RT1复现(四)

RT1复现(四)

这部分工作是测试部分,language-table测试有5个任务,测试过程随机生成颜色形状块,然后生成相对应的指令,每个任务有对应的成功标准,比如多少m之内就算成功

Language-Table中定义了五个模拟评估任务系列(涵盖了696个独特的任务条件),每个任务系列都有一个手动定义的成功标准:

  • block2block: 推一个块到另一个块。成功是源块和目标块之间的阈值距离。有56个唯一的任务条件(8个源块x7个目标块)。

  • block2abs: 将一个块推到板上的绝对位置:左上角、中上、右上角、左中、中心、右中、左下角、中下、右下角。成功是块和目标位置之间的阈值距离。有72个唯一的任务条件(8个块x9个位置)。

  • block2rel: 将一个块推到相对偏移的位置:左、右、上、下、左上、右上、左下、右下。成功是块和不可见目标偏移位置之间的阈值距离。有64个唯一的任务条件(8个块x8个偏移方向)。

  • block2blockrel: 将一个块推到另一个块的相对偏移位置:左侧、右侧、顶部、底部、左上侧、右上侧、左下侧、右下侧。成功是源块和目标块的不可见目标偏移位置之间的阈值距离。有448个唯一的任务条件(8个源块x7个目标块x8个偏移方向)。

  • separate: 将两个块分开。成功是两个块之间的阈值距离。有56个唯一的任务条件(8个源块x7个目标块)。

下载language-table项目

git clone https://github.com/google-research/language-table.git

然后需要修改eval/weappers.py

# coding=utf-8
# Copyright 2023 The Language Tale Authors.
#
# Licensed under the Apache License, Version 2.0 (the "License");
# you may not use this file except in compliance with the License.
# You may obtain a copy of the License at
#
#     http://www.apache.org/licenses/LICENSE-2.0
#
# Unless required by applicable law or agreed to in writing, software
# distributed under the License is distributed on an "AS IS" BASIS,
# WITHOUT WARRANTIES OR CONDITIONS OF ANY KIND, either express or implied.
# See the License for the specific language governing permissions and
# limitations under the License.

"""Environment wrappers."""

from typing import Any, Optional

from language_table.common import rt1_tokenizer
import numpy as np
import tensorflow as tf
from tf_agents.environments import wrappers


class UseTokenWrapper(wrappers.PyEnvironmentBaseWrapper):
  """Environment wrapper that adds CLIP tokens to the obs."""

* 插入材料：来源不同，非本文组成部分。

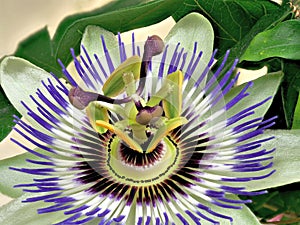 Blaue Passiflora, Passiflora caerulea, Heimat ist Nordargentinien und SÃ¼dbrasilien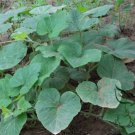 Red Pumpkin, Cucurbita Moschata Seed 300 PCS, Hong Pi Nangua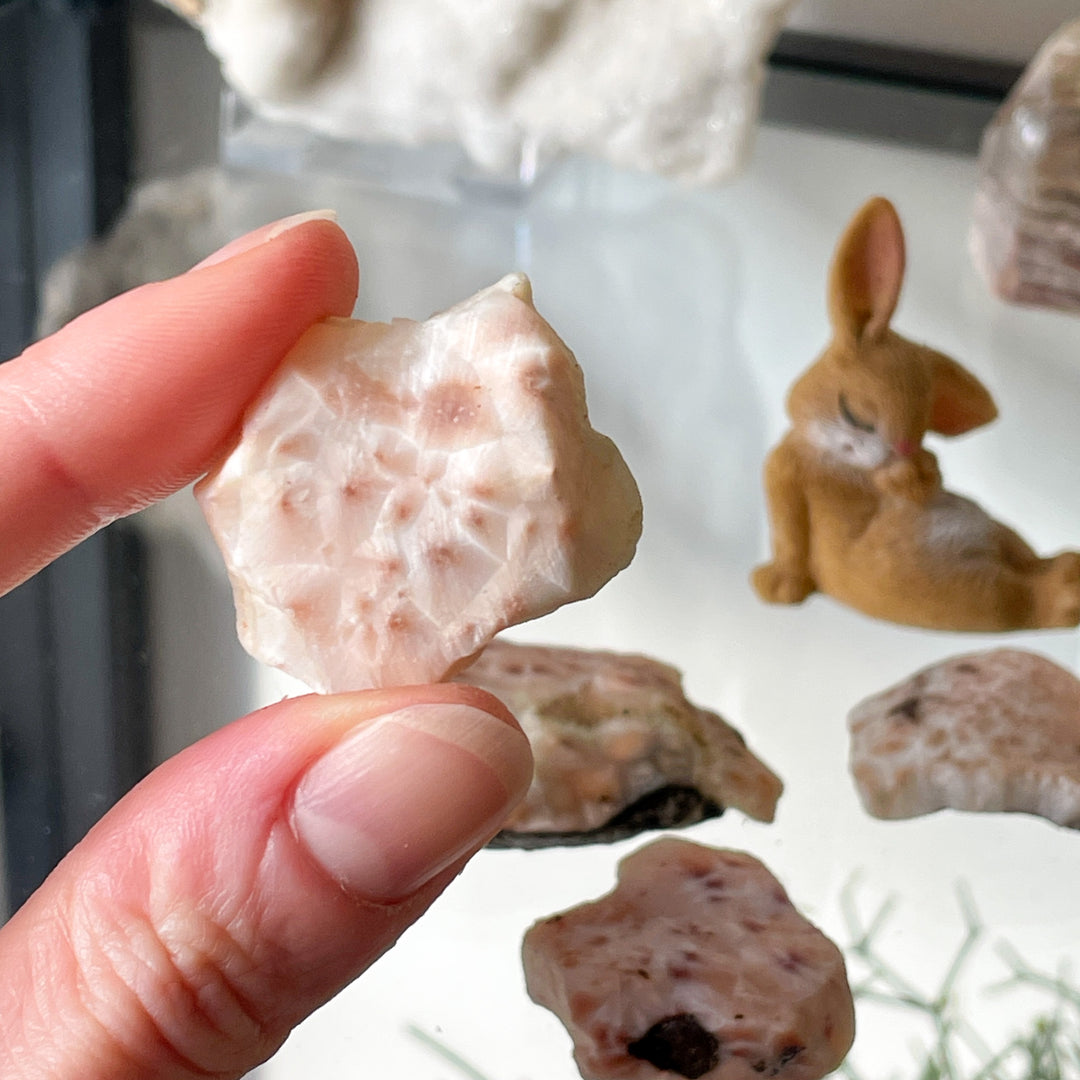 natroliet ruwe steen brok edelsteen roze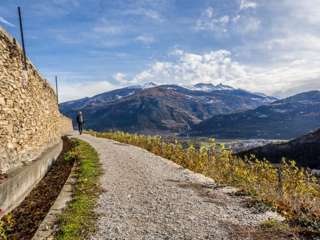Sion Bisse de Clavau
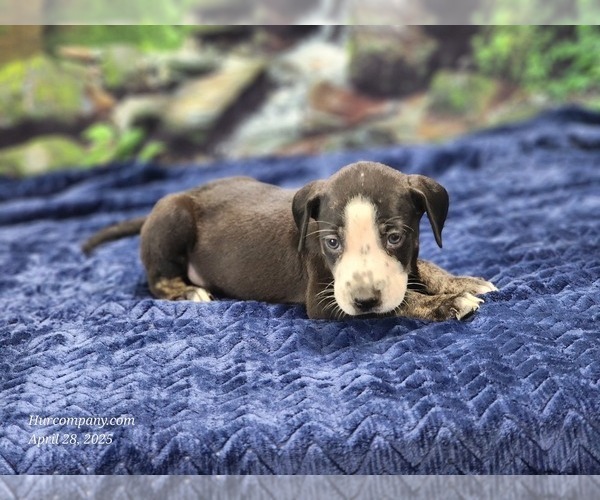 Medium Photo #11 Catahoula Leopard Dog Puppy For Sale in CUMBY, TX, USA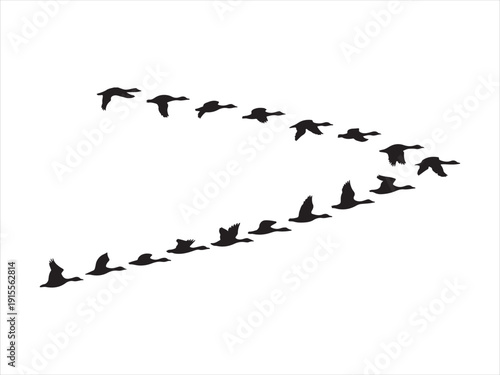Silhouette of flock of flying duck vector. Flying Ducks, Geese Silhouette Vector, Flock of Birds in V Formation Illustration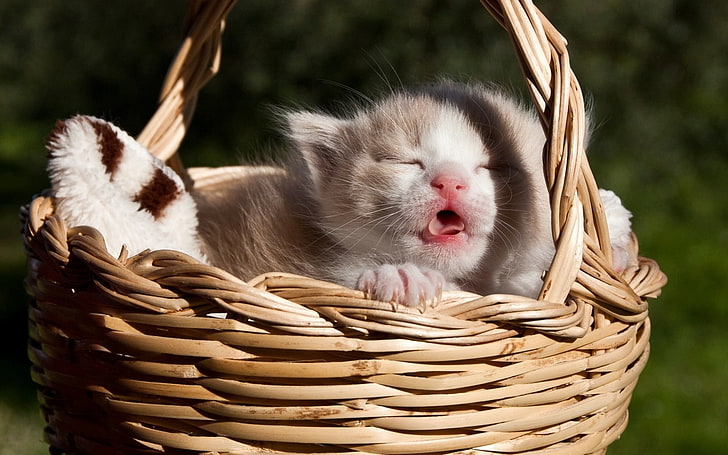 long-haired brown kitten, basket, meow, baby, animal, pets, cute, HD wallpaper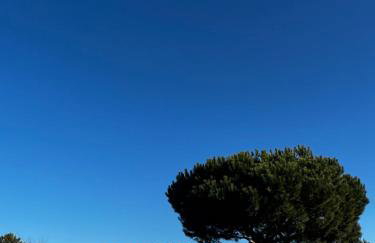 La cabane de Carol au coeur du bassin d'Arcachon - Foto 14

  def __init__(self, env, context_length = 77):
    """Centrally crops an image from a dict observation."""
    super(UseTokenWrapper, self).__init__(env)
    self._context_length = context_length
    # vocab_lookup = clip_tokenizer.create_vocab()
    # self._tokenizer = clip_tokenizer.ClipTokenizer(vocab_lookup)
    self._current_tokens = None

  def _reset(self):
    time_step = self._env.reset()
    self._current_tokens = self._tokenize(time_step.observation['instruction'])
    new_obs = time_step.observation
    new_obs['instruction_tokenized_use'] = self._current_tokens
    return time_step._replace(observation=new_obs)

  def _step(self, action):
    time_step = self._env.step(action)
    new_obs = time_step.observation
    new_obs['instruction_tokenized_use'] = tf.convert_to_tensor(self._current_tokens)
    return time_step._replace(observation=new_obs)

  def _tokenize(self, instruction):
    
    bytes_list = instruction
    non_zero = bytes_list[np.where(bytes_list != 0)]
    if non_zero.shape[0] == 0:
      decoded = ''
    else:
      bytes_list = bytes(non_zero.tolist())
      decoded = bytes_list.decode('utf-8')
      
    tokens = rt1_tokenizer.tokenize_text(decoded)
    return tokens


class CentralCropImageWrapper(wrappers.PyEnvironmentBaseWrapper):
  """Environment wrapper that crops image observations."""

  def __init__(self,
               env,
               target_height,
               target_width,
               random_crop_factor = None):
    """Centrally crops an image from a dict observation."""
    super(CentralCropImageWrapper, self).__init__(env)
    self._target_height = target_height
    self._target_width = target_width
    self._random_crop_factor = random_crop_factor

  def _reset(self):
    time_step = self._env.reset()
    new_obs = self._crop_observation(time_step.observation)
    return time_step._replace(observation=new_obs)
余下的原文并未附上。